▶ **Prompt**:
I would like you to output every record below exactly, apart from the pictures.

▶ **Working data**:
§ §

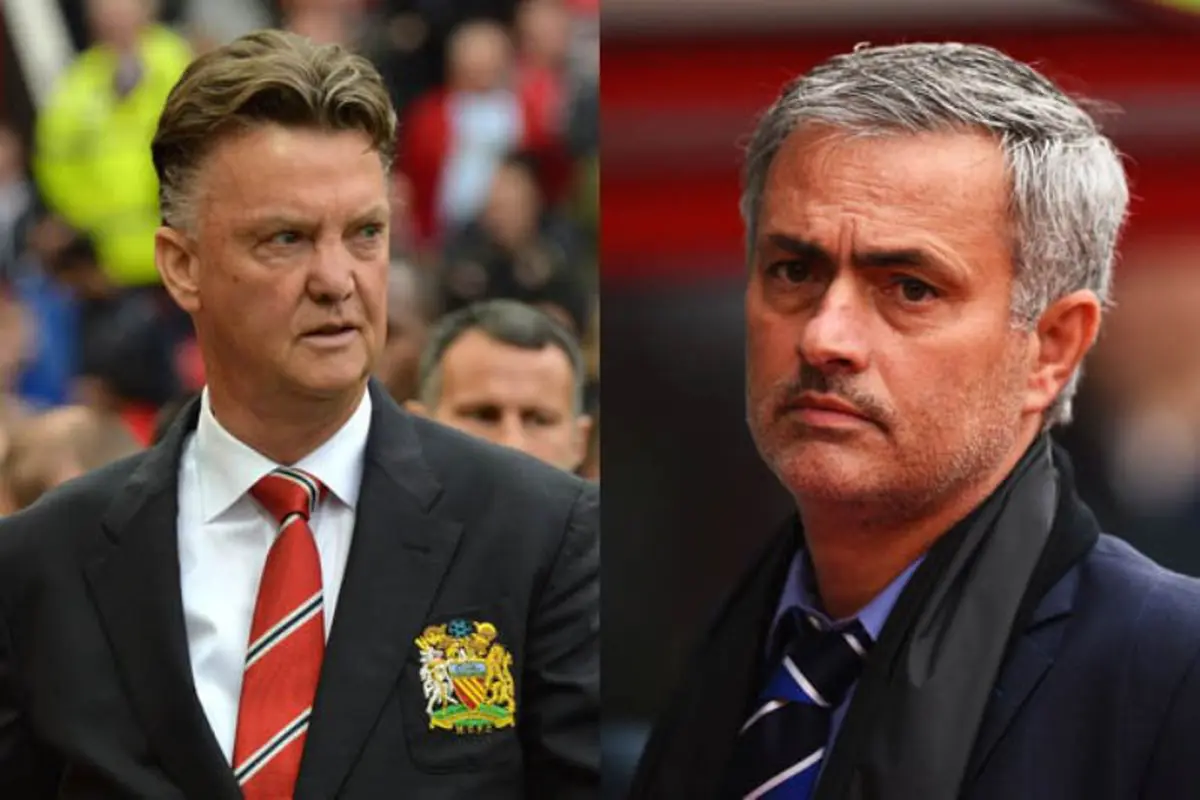 Jose Mourinho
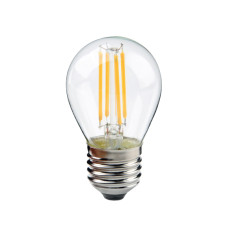 Лампа світлодіодна "FILAMENT BALL-6" 6W 4200К  E27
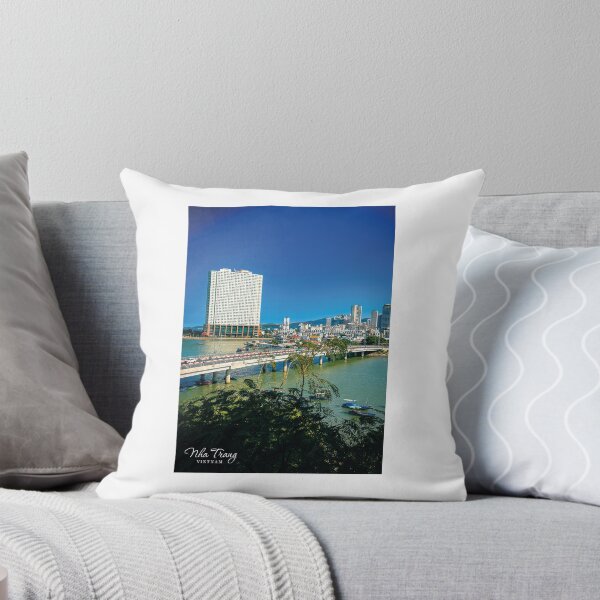 Item preview, #19 Nha Trang Vietnam Travel Photography designed and sold by Thistle-TShop.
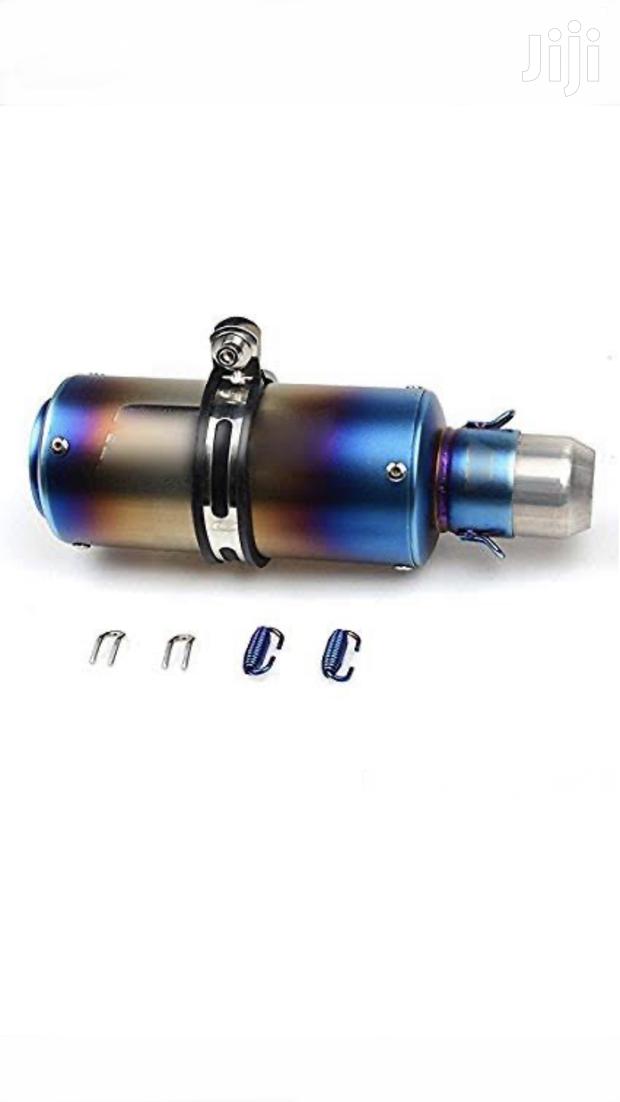 Motorcycle Exhaust SC Project Rainbow Sports - thumbnail 2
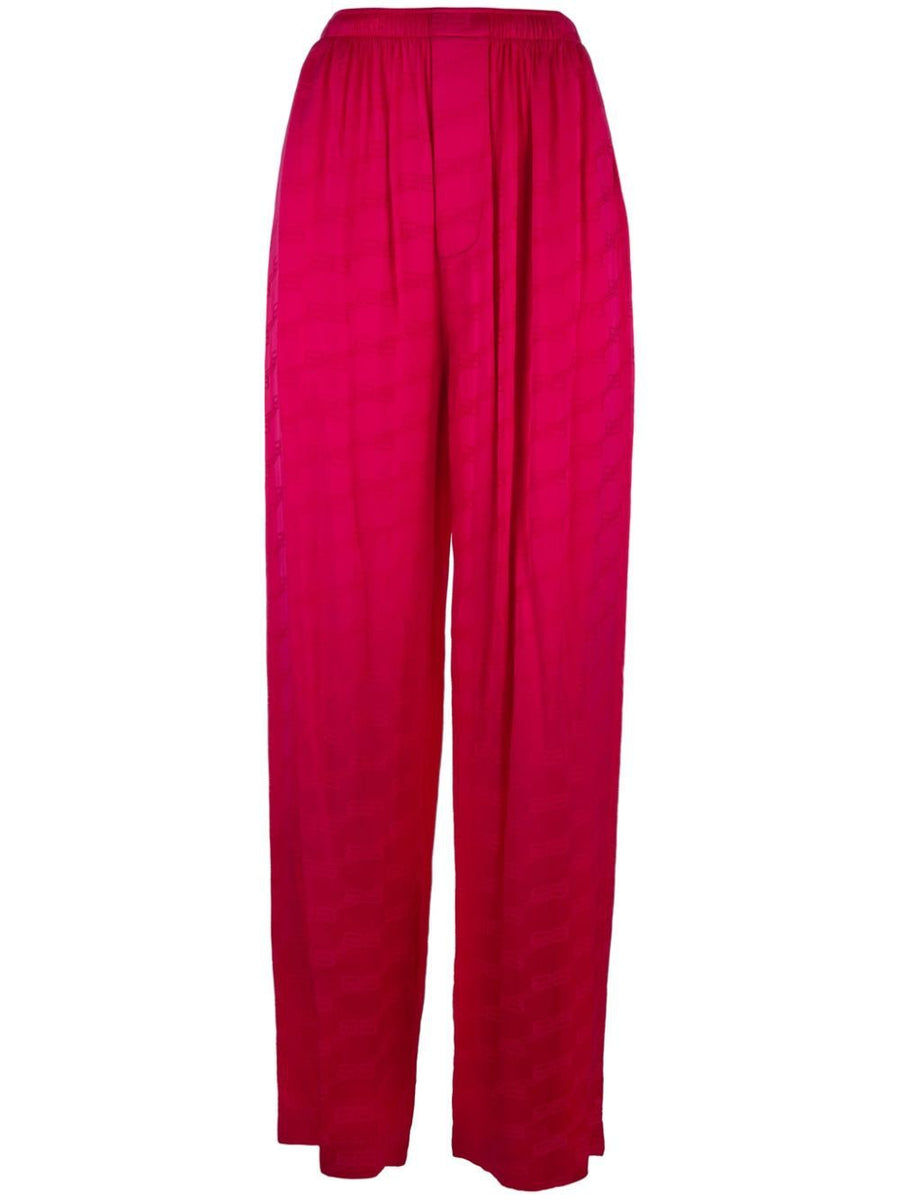 Balenciaga pants luxury designer piece front view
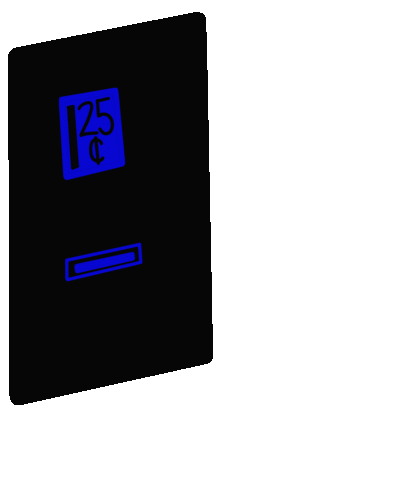 Arcade Sticker
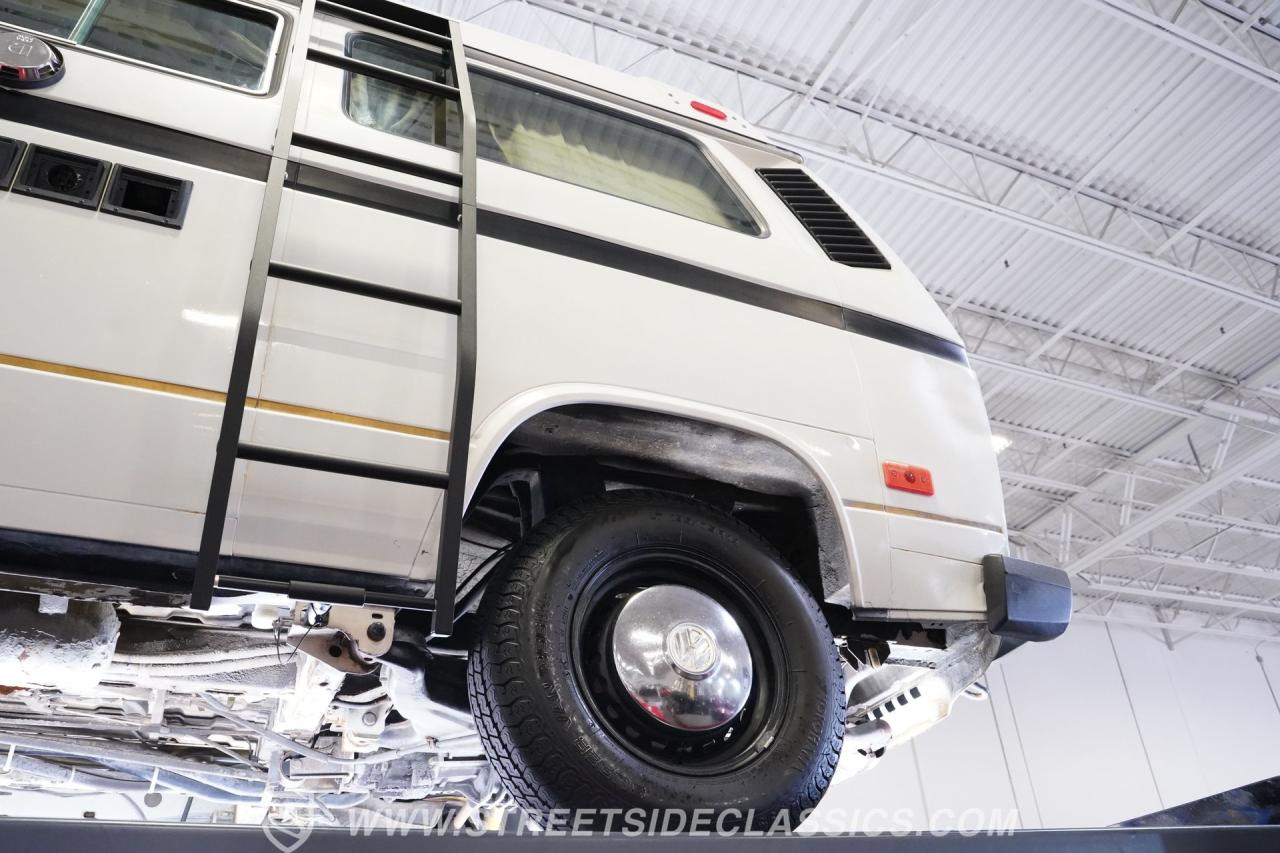 1984 Volkswagen Vanagon Limited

§ §

▶ **Solved exercise**:
 Jose Mourinho
 Лампа світлодіодна "FILAMENT BALL-6" 6W 4200К  E27
 Item preview, #19 Nha Trang Vietnam Travel Photography designed and sold by Thistle-TShop.
 Motorcycle Exhaust SC Project Rainbow Sports - thumbnail 2
 Balenciaga pants luxury designer piece front view
 Arcade Sticker
 1984 Volkswagen Vanagon Limited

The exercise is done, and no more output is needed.